Arrêt du 14 juin 2004
Ire Cour de droit public

MM. les Juges Aemisegger, Président de la Cour et Président du Tribunal
fédéral,
Nay, Vice-président du Tribunal fédéral et Reeb.
Greffier: M. Zimmermann.

X. ________ SA,
recourante, représentée par Y.________,

contre

Juge d'instruction du canton de Genève,
case postale 3344, 1211 Genève 3,
Procureur général du canton de Genève, place du Bourg-de-Four 1, case postale
3565, 1211 Genève 3,
Cour de justice du canton de Genève, Chambre d'accusation, place du
Bourg-de-Four 1, case postale 3108, 1211 Genève 3.

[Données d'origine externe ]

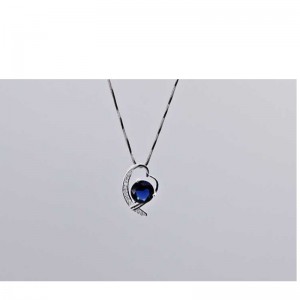 925 Ezüst medál butik divatkristály, mikroberakással, Love Pendant Európában és Amerikában
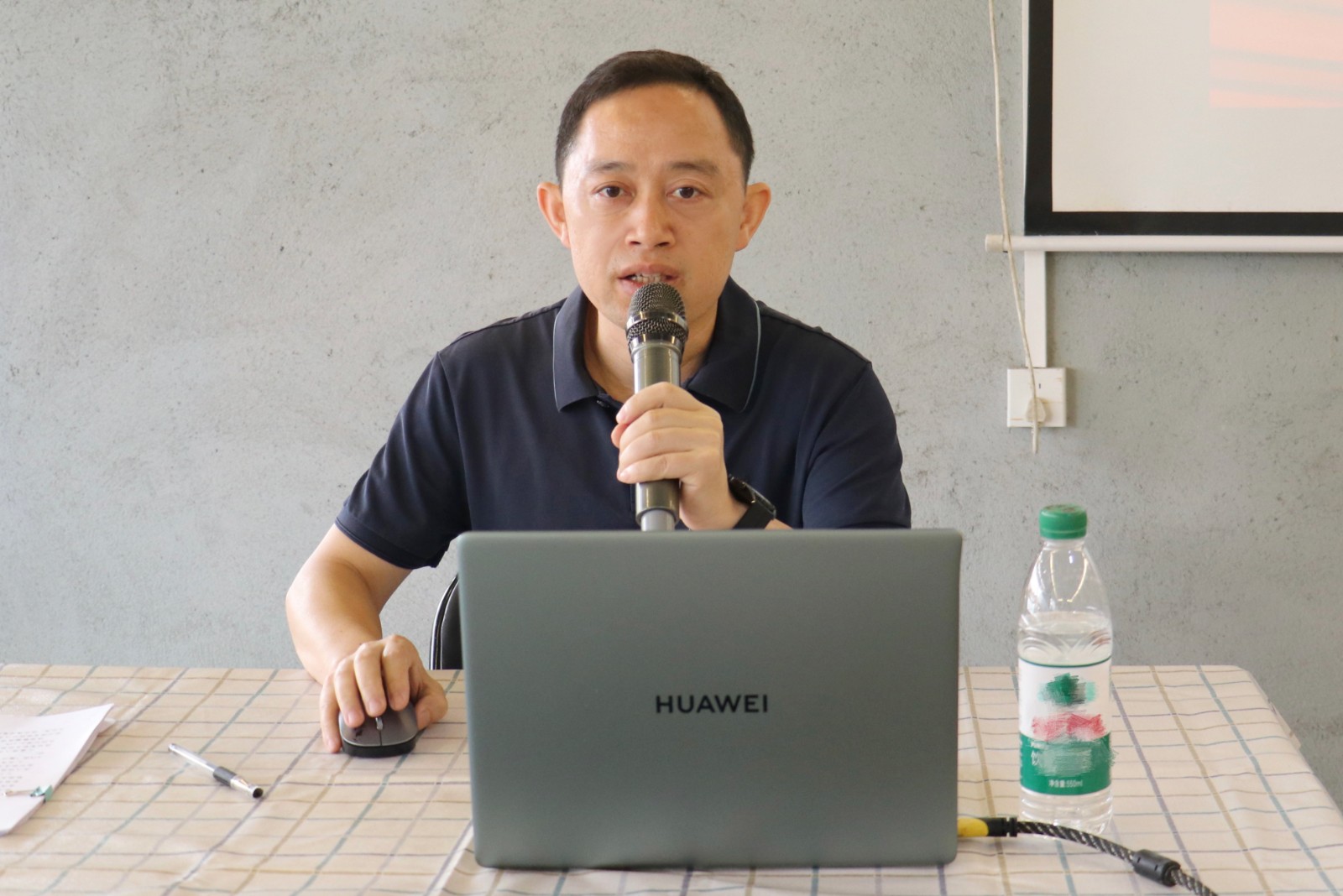 党委副书记 副院长张伟上主题团课.jpg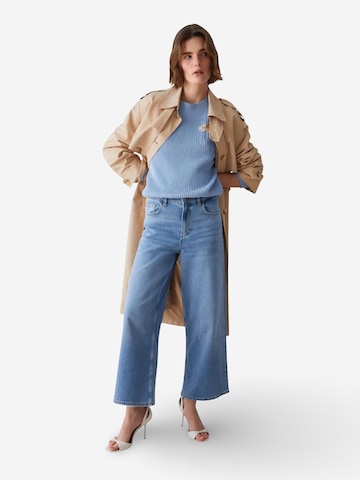 Bootcut Jeans 'B.UP FLARE CROPPED REG.W. UA6269 D0310' di Liu Jo in blu: frontale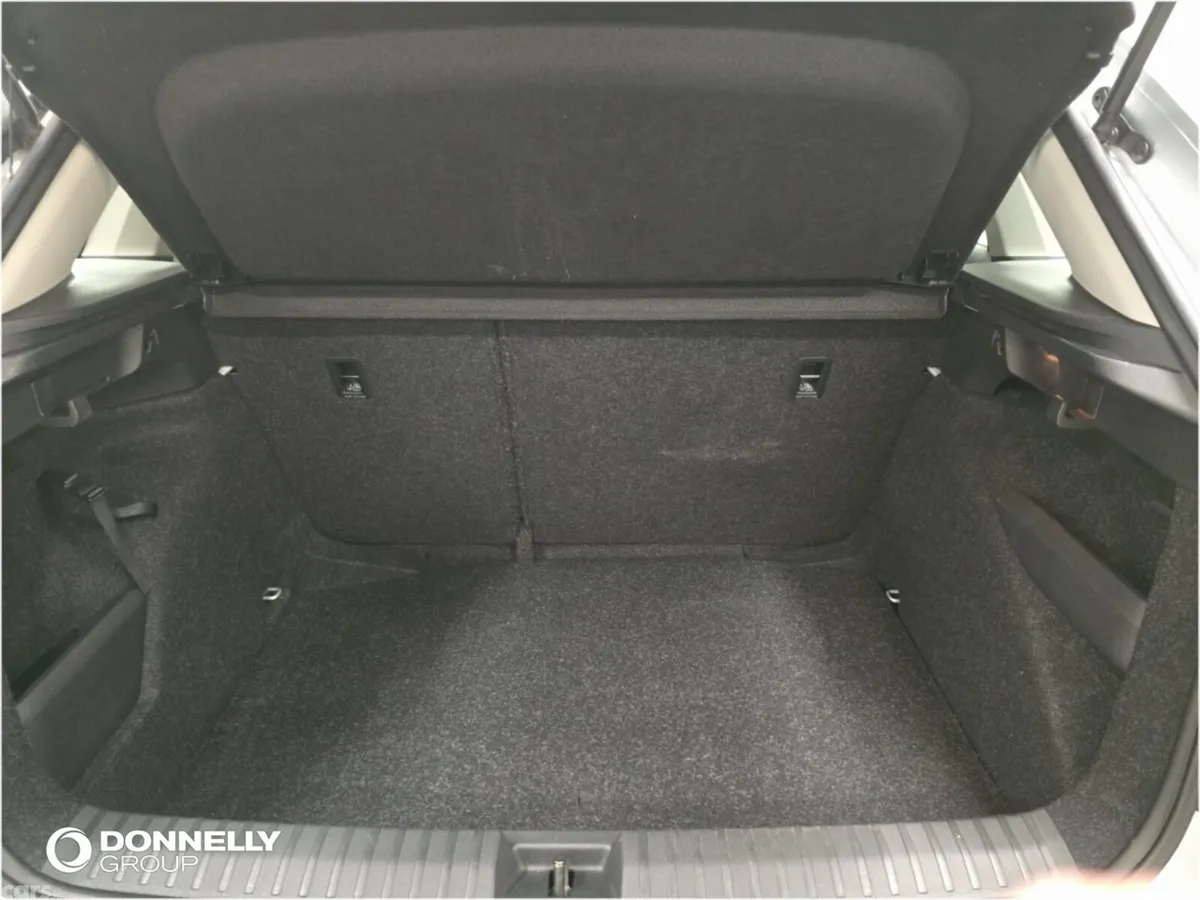 Skoda Kamiq Hatchback, Petrol, 2023, Silver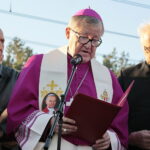 Odsłonięcie tablicy poświęconej wicepremierowi Przemysławowi Gosiewskiemu. Poświęcenie tablicy przez biskupa Andrzeja Kaletę / Marzena Mąkosa / Radio Kielce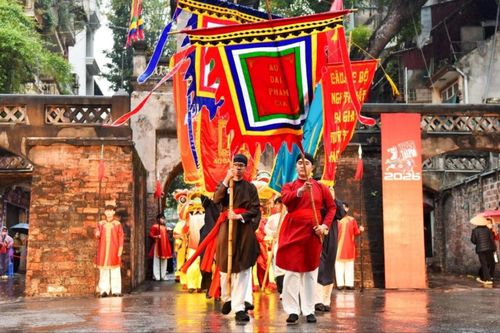 Bừng sáng không gian Tết Việt Tết phố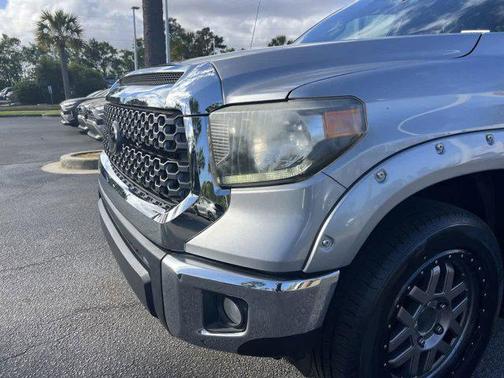 Silver Sky Metallic 2018 Toyota Tundra SR5
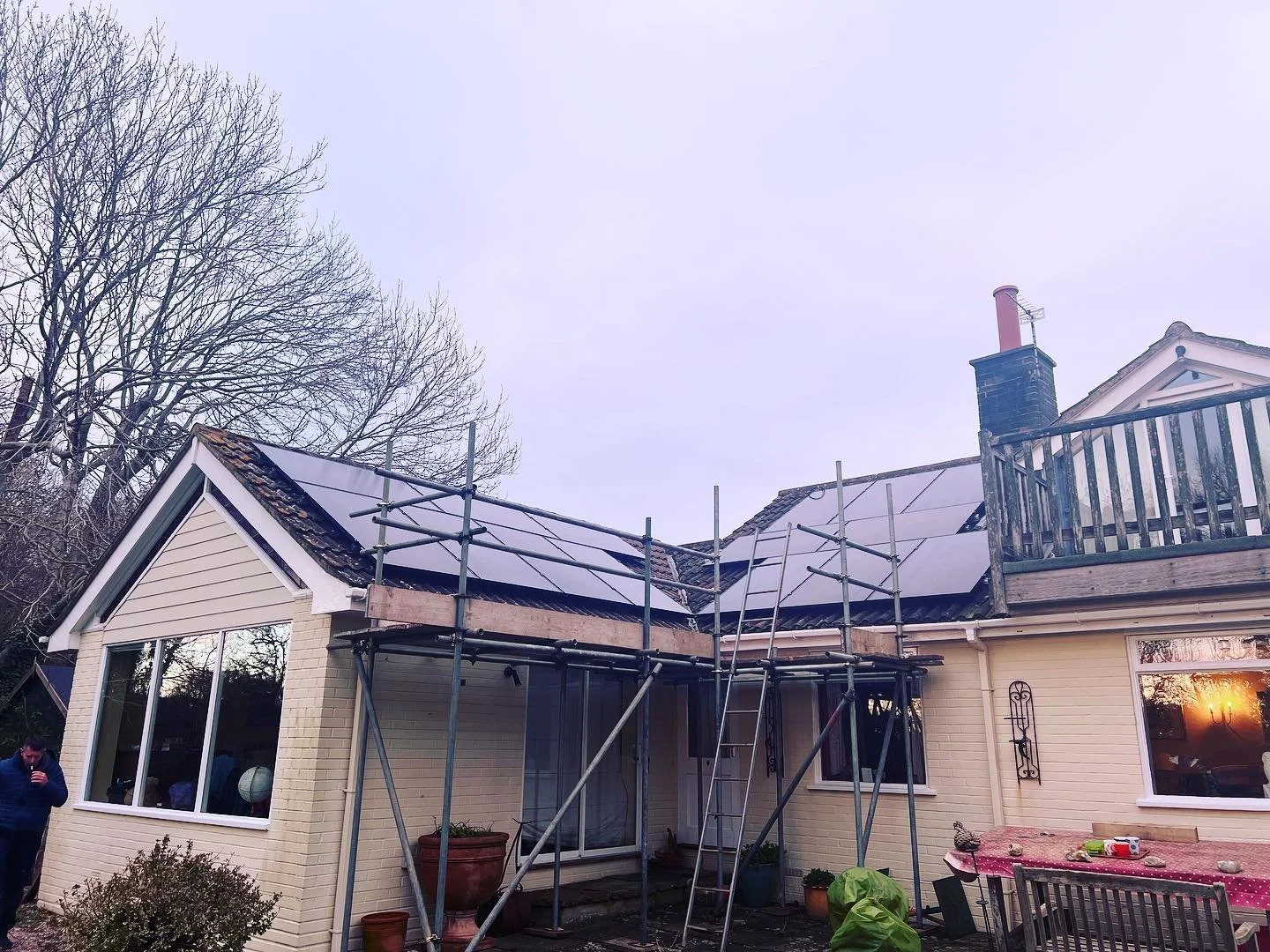 Another week another solar install .. make sure you call us to find out how we can help you ! #chichester #solarpv #batterystorage #checkatrade #renewableenergy @sunsynkofficial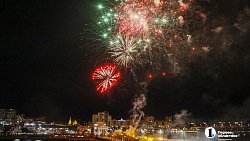 Праздник Весны и Труда в Челябинске завершился фейерверком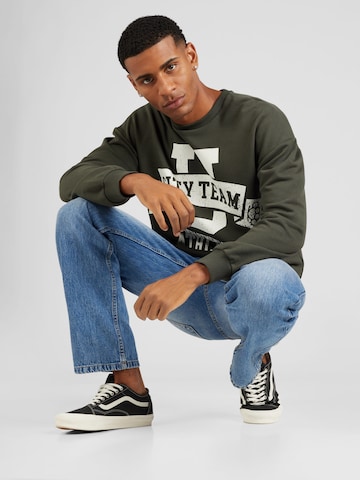 ABOUT YOU Sweatshirt 'Rocco' i grøn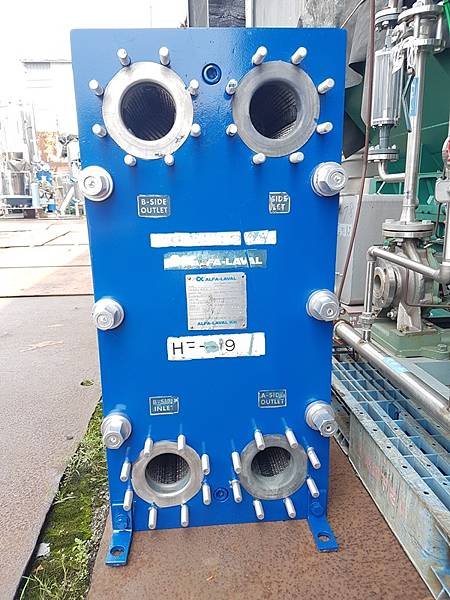 板片冷熱交換器,Ti鈦金屬,傳熱面積29.28米平方,型號M10-BFG,日本進ALFA LAVAL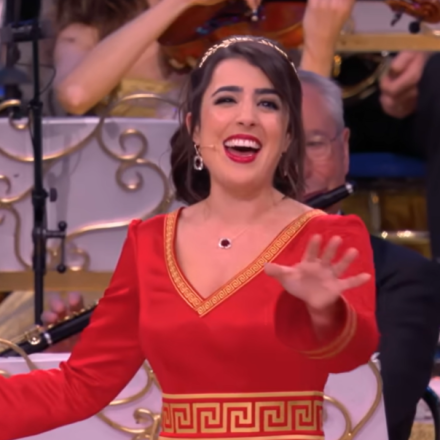 Η συγκινητική στιγμή που Ελληνίδα σοπράνο ερμηνεύει τα ελληνικά κάλαντα σε συναυλία με τον Αντρέ Ριέ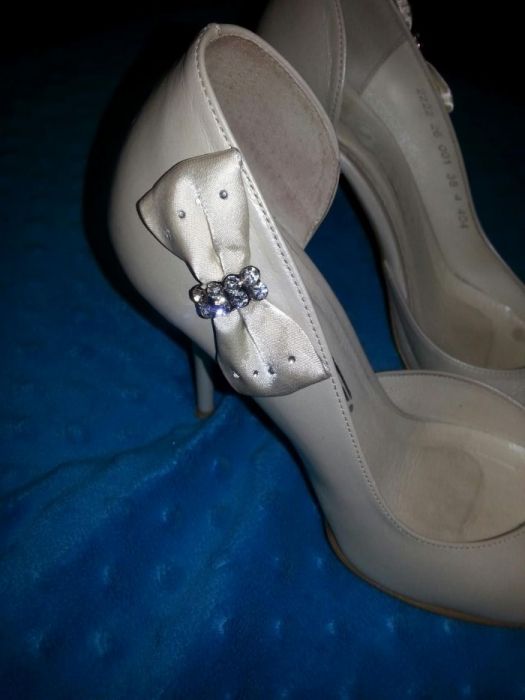 Ecru szpilki,skórzane,ślubne,38 stan b.dobry skóra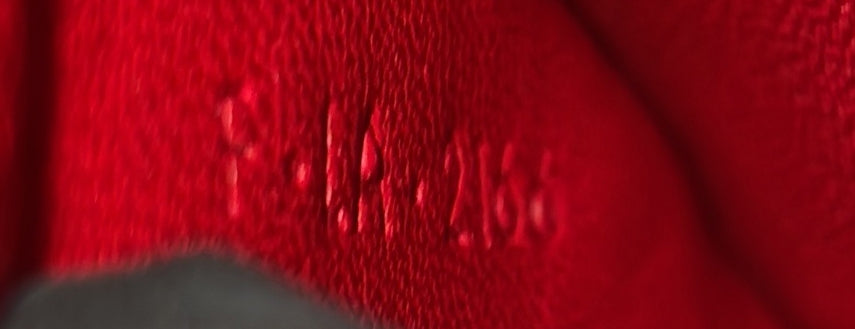 Pre-Loved Celine Classic Box Bag Smooth Leather Small - Image 6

art. 9, 10 al. 2, 29 et 31 Cst., art. 5 CEDH (procédure pénale),

recours de droit public contre l'ordonnance de la Cour de justice du canton
de Genève, Chambre d'accusation, du 24 mars 2004.

Faits:

A.
Le Juge d'instruction du canton de Genève conduit une procédure pénale contre
Y.________, inculpé de faux dans les titres, d'escroquerie, d'abus de
confiance, de gestion déloyale et de banqueroute frauduleuse. En bref,
Y.________ est soupçonné d'avoir détourné le montant de loyers, falsifié des
baux et utilisé à des fins personnelles des prêts consentis à une société
qu'il gérait.

Le 12 août 2003, la société A.________ S.A., partie civile à la procédure, a
informé le Juge d'instruction que la société X.________ S.A., dont Y.________
est l'administrateur, était propriétaire d'une part de copropriété afférente
à un logement d'habitation à Montreux-Territet. Le 3 septembre 2003,
A.________ S.A. a indiqué au Juge d'instruction que Y.________ était l'ayant
droit de l'immeuble; c'était à lui que la banque avait octroyé le prêt
hypothécaire nécessaire à l'acquisition de la part de copropriété.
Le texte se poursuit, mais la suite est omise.